The point being made and which the proponents of Israel selectively prefer to ignore, is that the Jews are in condemnation of the very same tactics and methodologies that they themselves exercised when they wanted to form the State of Israel.

The Jewish people resorted to bombing civilians, embarking on suicide missions that sacrificed Jewish and other lives, used violence as a bartering tool and blackmailed the UN into granting its existence. When the Palestinians use the very same methods, the Jews act aggrieved.

The loss of Jewish life in the Kenyan bombing is collateral damage in the ongoing war between the Jewish and Palestinian peoples. Violence such as this will spawn violence and the cycle will be perpetuated.

The line that has been crossed – or perhaps drawn – is the firing of missiles against civilian aircraft. Akin to flying planes into tall buildings. Another threat to human kind.

The obduracy of the State of Israel results in more and more extremism being unleashed on an innocent Globe. What is the ultimate price that the rest of the world will have to pay to preserve the Jewish State??

Surely a compromise is needed.

Fri, 11/29/2002 - 6:03 PM Permalink
Dennis Rahkonen

Didn't Israel strike first in '67?

Sat, 11/30/2002 - 6:51 AM Permalink
Dennis Rahkonen

Yes.

Sat, 11/30/2002 - 12:37 PM Permalink
Dennis Rahkonen

No Arab state had made peace with Israel, and in 1967, events conspired to bring war between Israel on the one hand, and Egypt, Syria, and Jordan on the other. The Israelis attacked Egypt first, on June 5, 1967, but most historians agree the pre-emptive Israeli strike was defensive in nature. Nevertheless, in the first day, Israel nearly destroyed Egypt's air force, and struck deep into the Sinai Peninsula, Egyptian territory. After six days of war, Israel had seized all of the Sinai and Gaza from Egypt, the West Bank and all of Jerusalem from Jordan, and the Golan Heights from Syria. All of these newly occupied territories would become the object of subsequent wars and the peace process, especially the West Bank and Gaza, where 1.5 million Palestinians live under Israeli control.

--National Public Radio, The 1967 Six Day War

Sat, 11/30/2002 - 1:38 PM Permalink
Dennis Rahkonen

http://www.washington-report.org/backissues/0794/9407073.htm

"In June 1967, we again had a choice.

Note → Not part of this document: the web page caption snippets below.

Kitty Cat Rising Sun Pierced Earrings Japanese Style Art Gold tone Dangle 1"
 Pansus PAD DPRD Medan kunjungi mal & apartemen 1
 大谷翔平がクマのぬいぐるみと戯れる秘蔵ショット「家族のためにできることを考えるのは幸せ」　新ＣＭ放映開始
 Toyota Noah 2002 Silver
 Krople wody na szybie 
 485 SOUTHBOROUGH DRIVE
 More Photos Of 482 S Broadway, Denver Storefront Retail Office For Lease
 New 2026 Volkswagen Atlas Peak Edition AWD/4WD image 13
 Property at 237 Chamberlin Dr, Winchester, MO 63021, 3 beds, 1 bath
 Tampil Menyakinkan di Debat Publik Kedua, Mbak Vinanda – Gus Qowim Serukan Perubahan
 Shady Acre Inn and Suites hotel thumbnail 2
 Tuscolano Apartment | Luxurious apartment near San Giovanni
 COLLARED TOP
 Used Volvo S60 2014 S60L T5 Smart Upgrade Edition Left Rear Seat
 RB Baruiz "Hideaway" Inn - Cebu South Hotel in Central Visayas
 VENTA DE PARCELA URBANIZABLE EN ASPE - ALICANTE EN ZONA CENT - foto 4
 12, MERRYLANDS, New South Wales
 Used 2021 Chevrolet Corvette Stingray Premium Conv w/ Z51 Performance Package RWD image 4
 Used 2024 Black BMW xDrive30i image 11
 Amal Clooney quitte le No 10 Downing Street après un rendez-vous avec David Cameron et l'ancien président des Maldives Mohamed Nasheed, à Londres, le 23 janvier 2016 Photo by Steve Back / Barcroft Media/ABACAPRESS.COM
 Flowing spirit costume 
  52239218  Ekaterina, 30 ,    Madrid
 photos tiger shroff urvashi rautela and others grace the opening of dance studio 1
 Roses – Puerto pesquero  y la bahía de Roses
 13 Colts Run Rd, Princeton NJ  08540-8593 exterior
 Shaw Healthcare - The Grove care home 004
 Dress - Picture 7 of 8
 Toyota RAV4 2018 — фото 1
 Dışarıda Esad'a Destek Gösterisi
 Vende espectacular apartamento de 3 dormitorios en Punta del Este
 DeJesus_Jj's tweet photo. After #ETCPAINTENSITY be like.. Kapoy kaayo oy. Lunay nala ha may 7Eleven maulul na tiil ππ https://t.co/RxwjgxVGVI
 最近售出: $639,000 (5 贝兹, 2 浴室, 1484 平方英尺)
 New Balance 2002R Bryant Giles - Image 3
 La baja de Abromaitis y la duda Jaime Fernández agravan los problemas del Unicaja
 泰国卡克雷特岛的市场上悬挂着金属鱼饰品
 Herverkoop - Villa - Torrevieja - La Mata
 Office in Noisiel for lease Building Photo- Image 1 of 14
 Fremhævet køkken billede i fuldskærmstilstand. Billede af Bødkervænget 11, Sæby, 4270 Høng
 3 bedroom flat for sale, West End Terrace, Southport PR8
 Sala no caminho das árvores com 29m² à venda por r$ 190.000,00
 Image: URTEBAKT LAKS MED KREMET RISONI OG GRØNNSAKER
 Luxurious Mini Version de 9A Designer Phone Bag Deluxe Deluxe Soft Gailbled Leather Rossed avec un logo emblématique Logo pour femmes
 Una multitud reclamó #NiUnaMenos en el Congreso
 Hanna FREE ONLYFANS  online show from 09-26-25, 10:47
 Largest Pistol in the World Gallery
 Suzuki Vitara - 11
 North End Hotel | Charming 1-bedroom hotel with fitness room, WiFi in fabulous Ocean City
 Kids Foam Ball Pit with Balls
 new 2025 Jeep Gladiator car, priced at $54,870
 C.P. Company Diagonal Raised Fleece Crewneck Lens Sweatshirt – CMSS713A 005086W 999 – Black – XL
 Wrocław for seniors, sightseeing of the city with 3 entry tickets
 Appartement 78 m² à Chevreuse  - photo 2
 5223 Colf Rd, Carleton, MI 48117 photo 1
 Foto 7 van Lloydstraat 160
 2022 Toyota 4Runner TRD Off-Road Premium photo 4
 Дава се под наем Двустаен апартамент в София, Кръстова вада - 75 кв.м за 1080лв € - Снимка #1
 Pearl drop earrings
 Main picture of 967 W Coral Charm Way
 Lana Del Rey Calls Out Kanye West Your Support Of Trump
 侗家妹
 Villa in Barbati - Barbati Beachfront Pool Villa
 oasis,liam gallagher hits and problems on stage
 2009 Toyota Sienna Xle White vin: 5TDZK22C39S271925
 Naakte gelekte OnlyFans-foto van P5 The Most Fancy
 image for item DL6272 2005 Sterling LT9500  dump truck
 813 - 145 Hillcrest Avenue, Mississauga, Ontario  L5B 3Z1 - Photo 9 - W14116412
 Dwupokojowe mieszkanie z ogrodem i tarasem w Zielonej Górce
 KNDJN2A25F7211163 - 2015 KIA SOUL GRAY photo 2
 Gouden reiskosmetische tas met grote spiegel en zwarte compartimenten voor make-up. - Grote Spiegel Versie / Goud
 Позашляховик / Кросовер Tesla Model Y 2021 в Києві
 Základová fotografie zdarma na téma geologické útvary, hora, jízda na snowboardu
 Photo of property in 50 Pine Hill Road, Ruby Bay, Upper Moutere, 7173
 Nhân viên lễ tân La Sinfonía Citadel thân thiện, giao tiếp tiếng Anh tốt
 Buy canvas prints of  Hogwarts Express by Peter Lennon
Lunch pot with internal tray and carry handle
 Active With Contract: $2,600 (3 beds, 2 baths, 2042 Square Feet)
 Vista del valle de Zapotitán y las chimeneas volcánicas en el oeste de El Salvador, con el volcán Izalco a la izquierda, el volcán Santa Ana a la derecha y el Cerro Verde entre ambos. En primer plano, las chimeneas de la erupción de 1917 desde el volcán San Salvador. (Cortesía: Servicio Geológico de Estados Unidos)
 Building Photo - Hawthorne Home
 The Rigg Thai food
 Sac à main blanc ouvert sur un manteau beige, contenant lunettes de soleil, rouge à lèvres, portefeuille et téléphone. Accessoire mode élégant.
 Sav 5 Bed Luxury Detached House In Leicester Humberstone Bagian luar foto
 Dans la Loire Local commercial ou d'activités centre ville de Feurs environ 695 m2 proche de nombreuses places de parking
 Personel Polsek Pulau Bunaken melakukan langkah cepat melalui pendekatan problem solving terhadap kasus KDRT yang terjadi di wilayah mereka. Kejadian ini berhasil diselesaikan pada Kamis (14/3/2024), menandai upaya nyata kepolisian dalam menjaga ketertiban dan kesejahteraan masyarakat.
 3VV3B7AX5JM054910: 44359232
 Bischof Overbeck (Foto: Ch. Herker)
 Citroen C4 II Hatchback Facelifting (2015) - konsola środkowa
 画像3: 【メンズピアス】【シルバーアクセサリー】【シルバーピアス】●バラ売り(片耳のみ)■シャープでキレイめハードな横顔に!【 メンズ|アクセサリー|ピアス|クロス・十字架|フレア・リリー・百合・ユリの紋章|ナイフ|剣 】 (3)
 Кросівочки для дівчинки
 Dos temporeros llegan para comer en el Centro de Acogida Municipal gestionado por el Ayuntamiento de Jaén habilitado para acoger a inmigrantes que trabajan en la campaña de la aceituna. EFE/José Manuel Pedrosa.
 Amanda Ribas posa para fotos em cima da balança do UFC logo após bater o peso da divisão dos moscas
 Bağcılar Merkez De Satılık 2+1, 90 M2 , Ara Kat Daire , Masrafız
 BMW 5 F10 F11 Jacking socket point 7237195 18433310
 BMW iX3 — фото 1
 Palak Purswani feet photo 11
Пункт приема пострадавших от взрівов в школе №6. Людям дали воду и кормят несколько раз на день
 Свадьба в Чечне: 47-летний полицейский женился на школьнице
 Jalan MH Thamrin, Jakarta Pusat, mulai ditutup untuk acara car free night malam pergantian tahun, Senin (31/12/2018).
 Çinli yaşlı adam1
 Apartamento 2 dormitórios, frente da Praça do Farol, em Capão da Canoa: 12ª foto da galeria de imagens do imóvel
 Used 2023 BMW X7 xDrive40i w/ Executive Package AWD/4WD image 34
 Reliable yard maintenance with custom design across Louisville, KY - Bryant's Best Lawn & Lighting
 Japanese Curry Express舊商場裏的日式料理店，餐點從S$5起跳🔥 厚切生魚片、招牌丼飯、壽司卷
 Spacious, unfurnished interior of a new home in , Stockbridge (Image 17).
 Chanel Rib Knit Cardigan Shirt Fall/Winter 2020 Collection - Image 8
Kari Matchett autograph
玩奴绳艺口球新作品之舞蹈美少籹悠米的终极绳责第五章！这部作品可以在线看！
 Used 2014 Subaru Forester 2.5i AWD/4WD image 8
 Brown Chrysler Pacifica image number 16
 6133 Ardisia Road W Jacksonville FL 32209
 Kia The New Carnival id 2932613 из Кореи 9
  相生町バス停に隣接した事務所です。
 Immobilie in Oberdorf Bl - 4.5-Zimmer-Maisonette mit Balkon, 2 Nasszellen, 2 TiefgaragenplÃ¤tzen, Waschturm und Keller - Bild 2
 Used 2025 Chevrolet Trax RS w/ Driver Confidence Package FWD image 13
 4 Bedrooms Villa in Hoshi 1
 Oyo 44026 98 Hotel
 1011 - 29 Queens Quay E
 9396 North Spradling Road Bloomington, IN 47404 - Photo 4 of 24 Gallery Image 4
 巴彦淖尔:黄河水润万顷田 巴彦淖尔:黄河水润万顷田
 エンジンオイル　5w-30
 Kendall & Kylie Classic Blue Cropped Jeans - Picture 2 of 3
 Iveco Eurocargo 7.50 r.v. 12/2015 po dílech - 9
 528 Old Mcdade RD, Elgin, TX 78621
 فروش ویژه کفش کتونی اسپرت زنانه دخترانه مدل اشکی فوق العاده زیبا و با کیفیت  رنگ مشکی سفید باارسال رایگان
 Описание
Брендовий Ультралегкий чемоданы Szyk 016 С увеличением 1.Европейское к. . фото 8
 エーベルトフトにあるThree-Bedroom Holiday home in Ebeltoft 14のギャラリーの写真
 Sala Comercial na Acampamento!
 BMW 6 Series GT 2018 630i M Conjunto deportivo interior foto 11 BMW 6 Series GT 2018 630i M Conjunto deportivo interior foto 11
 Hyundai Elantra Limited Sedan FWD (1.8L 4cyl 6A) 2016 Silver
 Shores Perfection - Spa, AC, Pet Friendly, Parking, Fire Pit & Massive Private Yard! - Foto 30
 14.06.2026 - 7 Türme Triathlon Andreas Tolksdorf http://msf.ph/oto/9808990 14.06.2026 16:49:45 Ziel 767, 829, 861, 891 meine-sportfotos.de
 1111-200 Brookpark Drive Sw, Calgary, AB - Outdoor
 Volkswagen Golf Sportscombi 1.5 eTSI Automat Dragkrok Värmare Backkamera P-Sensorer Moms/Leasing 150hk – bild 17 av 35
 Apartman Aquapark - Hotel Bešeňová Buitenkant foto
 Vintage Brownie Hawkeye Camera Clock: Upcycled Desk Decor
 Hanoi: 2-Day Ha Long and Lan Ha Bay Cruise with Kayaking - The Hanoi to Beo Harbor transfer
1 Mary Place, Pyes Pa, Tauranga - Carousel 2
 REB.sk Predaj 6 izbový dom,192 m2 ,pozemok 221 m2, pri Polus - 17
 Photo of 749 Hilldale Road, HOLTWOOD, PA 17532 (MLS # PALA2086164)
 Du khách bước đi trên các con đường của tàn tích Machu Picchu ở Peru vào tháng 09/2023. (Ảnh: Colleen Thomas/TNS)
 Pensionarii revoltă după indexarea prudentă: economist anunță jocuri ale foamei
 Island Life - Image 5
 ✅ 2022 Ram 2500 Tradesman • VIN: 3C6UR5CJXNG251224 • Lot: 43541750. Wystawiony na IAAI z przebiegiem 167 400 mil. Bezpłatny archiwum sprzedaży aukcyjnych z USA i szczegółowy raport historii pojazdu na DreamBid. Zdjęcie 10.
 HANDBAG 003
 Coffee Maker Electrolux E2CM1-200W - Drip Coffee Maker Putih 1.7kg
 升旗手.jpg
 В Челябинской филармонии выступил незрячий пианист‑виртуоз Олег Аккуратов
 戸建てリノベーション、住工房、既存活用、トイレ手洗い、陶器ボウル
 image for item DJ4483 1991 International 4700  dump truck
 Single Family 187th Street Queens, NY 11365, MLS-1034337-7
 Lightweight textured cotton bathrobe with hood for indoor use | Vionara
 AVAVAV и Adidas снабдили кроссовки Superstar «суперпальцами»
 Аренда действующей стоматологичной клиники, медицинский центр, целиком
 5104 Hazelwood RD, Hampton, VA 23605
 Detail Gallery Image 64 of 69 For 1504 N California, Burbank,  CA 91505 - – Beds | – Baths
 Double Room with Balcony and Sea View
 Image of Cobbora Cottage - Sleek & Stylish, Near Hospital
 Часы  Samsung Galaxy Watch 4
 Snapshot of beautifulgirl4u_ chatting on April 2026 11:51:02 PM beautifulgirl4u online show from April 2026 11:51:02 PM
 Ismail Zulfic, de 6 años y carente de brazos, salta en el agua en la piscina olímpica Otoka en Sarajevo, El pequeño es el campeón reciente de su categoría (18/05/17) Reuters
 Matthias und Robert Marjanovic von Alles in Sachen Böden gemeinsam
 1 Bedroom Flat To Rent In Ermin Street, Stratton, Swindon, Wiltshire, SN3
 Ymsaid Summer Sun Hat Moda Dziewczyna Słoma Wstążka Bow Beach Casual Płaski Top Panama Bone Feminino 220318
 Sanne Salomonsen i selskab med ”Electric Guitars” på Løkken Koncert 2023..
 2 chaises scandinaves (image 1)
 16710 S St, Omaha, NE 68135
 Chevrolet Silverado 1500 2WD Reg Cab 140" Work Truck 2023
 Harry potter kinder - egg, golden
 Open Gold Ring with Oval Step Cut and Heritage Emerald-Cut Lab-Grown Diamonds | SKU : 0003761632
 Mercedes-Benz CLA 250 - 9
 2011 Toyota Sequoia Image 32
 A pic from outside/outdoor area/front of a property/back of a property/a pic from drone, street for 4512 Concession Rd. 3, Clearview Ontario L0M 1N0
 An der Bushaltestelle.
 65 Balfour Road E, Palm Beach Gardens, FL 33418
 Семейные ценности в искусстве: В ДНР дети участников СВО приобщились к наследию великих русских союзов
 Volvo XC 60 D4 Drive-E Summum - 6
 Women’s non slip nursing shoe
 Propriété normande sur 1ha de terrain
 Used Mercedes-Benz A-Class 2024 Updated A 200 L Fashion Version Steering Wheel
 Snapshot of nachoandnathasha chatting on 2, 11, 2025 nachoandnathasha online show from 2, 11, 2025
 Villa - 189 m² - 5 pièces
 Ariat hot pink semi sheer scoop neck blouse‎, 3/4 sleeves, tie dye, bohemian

The Egyptian army concentrations in the Sinai approaches do not prove that Nasser was really about to attack us. We must be honest with ourselves. We decided to attack him. This was a war of self-defense in the noblest sense of the term. The Government of National Unity then established decided unanimously: we will take the initiative and attack the enemy, drive him back, and thus assure the security of Israel and the future of the nation."

--Menachem Begin, Aug. 8, 1982, Israeli National Defense College

Sat, 11/30/2002 - 1:41 PM Permalink
Dennis Rahkonen

Aggression never assures the "security" and "future" of any nation.

Are you listening, Dubya?

Sat, 11/30/2002 - 1:43 PM Permalink
Rick Lundstrom

"Aggression never assures the "security" and "future" of any nation."

Does anything?

Sat, 11/30/2002 - 3:56 PM Permalink
Naradar

'Bill - Fold' 12/1/02 4:37am- stop by your library this afternoon and pick up this book

Michael Oren "Six Days of War"

You will find you are correct in a literal sense but the machinations that went on are convoluted and devious.

By the way, little boy bush read this book ( perhaps his woman read it to him) as justification for pre-emptive strikes.

The 67 reaction by Israel was justified.

What Adolf Sharon and nut n yahoo and the right wing elders of Zion are carrying out today is unacceptable.

The suicide bombings, targeting of Israelis outside their borders are the result of Israeli extremism.

Only they can stop it - or escalate it to the next level of (self) destruction.

Sun, 12/01/2002 - 9:03 AM Permalink
Rick Lundstrom

"The suicide bombings, targeting of Israelis outside their borders are the result of Israeli extremism. "

Islamist extremists carry out the deeds. And they sow the seeds of their own people's destruction.

I think they have choice and free will. They stop, the IDF will stand down.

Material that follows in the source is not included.